### WHAT THE TASK REQUIRES
In the data below, set down exactly the lines from the one containing "BBQ Dragon Weber" up to and including the one containing "Wall Mounted Pergola". Leave the pictures out.

+++ AVAILABLE DATA

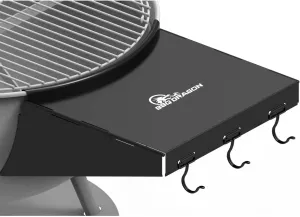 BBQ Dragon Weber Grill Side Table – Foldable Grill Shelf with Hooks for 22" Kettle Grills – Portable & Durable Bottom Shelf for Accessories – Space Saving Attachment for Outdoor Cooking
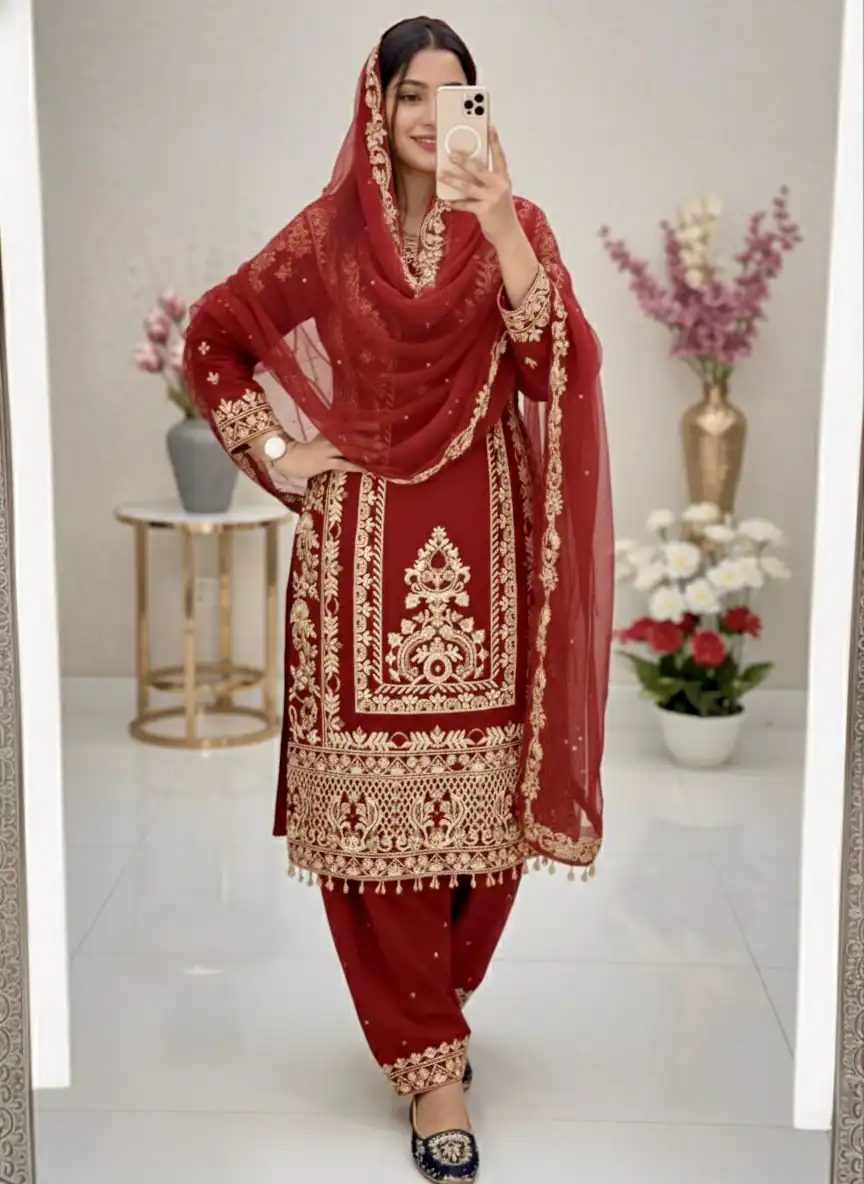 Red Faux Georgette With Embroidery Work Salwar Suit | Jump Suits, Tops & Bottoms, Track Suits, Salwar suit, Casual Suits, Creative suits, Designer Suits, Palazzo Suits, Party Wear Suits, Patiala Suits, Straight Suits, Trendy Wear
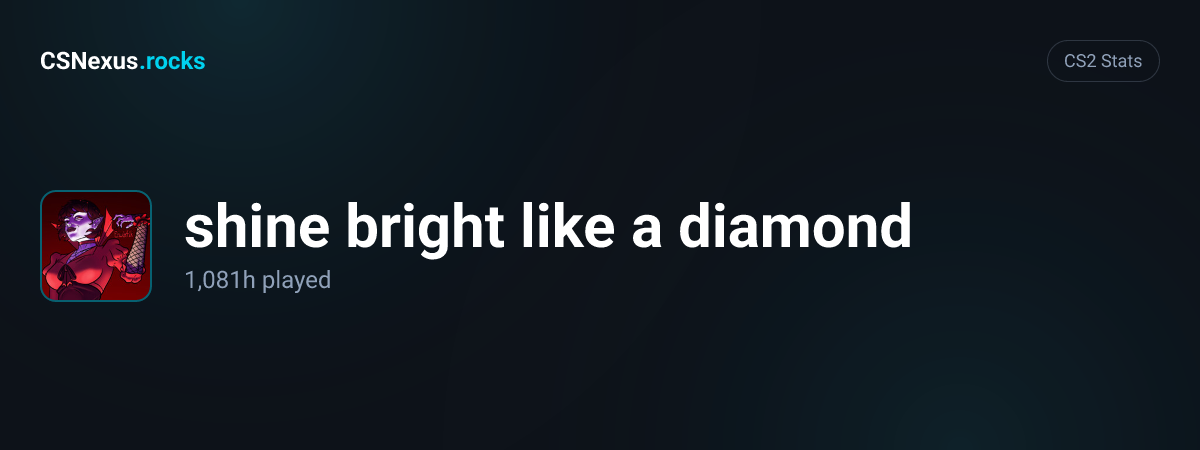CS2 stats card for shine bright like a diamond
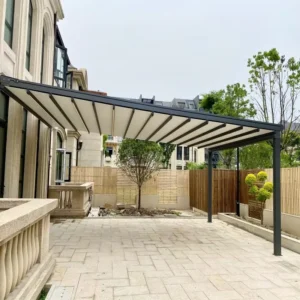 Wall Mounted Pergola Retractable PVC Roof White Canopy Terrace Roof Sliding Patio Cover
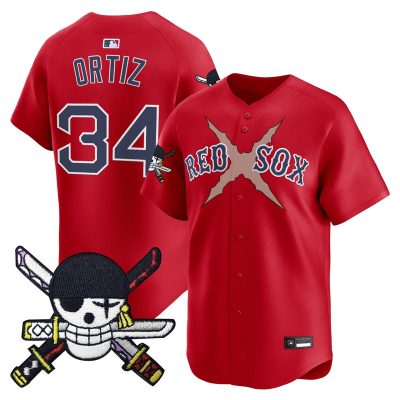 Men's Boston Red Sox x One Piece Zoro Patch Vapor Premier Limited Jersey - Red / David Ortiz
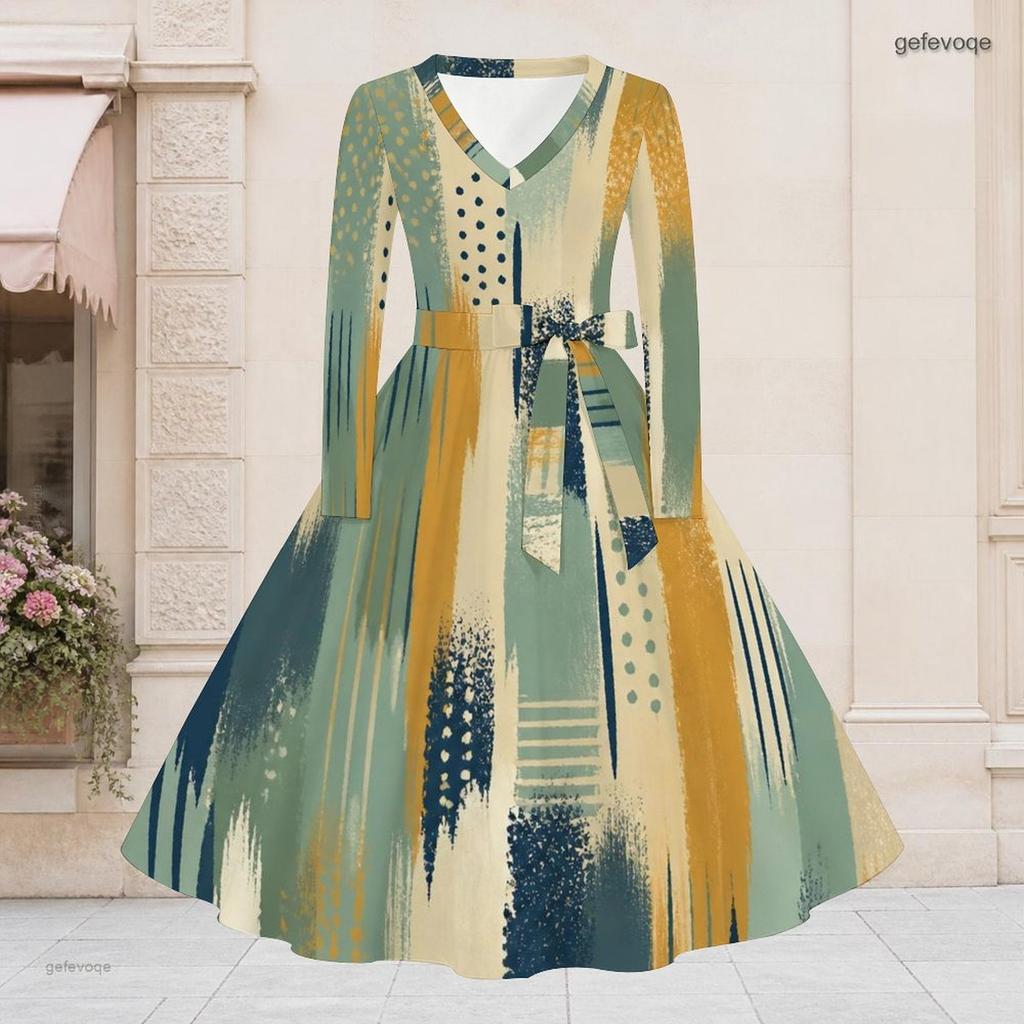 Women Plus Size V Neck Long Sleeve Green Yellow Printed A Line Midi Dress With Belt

++++++
+++ AVAILABLE DATA

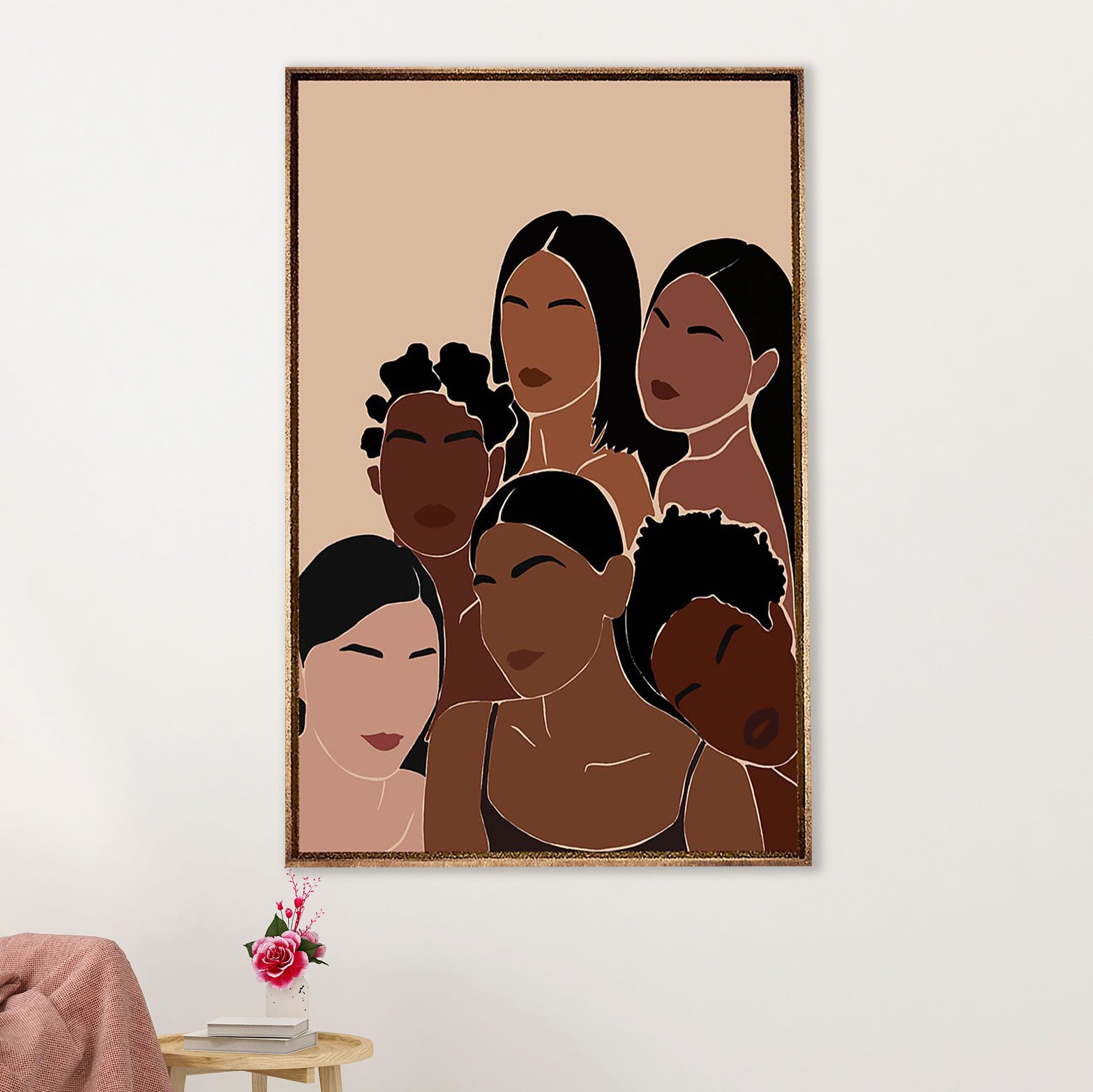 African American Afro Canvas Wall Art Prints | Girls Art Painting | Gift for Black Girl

++++++

### OUTPUT OF THE TASK
 BBQ Dragon Weber Grill Side Table – Foldable Grill Shelf with Hooks for 22" Kettle Grills – Portable & Durable Bottom Shelf for Accessories – Space Saving Attachment for Outdoor Cooking
 Red Faux Georgette With Embroidery Work Salwar Suit | Jump Suits, Tops & Bottoms, Track Suits, Salwar suit, Casual Suits, Creative suits, Designer Suits, Palazzo Suits, Party Wear Suits, Patiala Suits, Straight Suits, Trendy Wear
CS2 stats card for shine bright like a diamond
 Wall Mounted Pergola Retractable PVC Roof White Canopy Terrace Roof Sliding Patio Cover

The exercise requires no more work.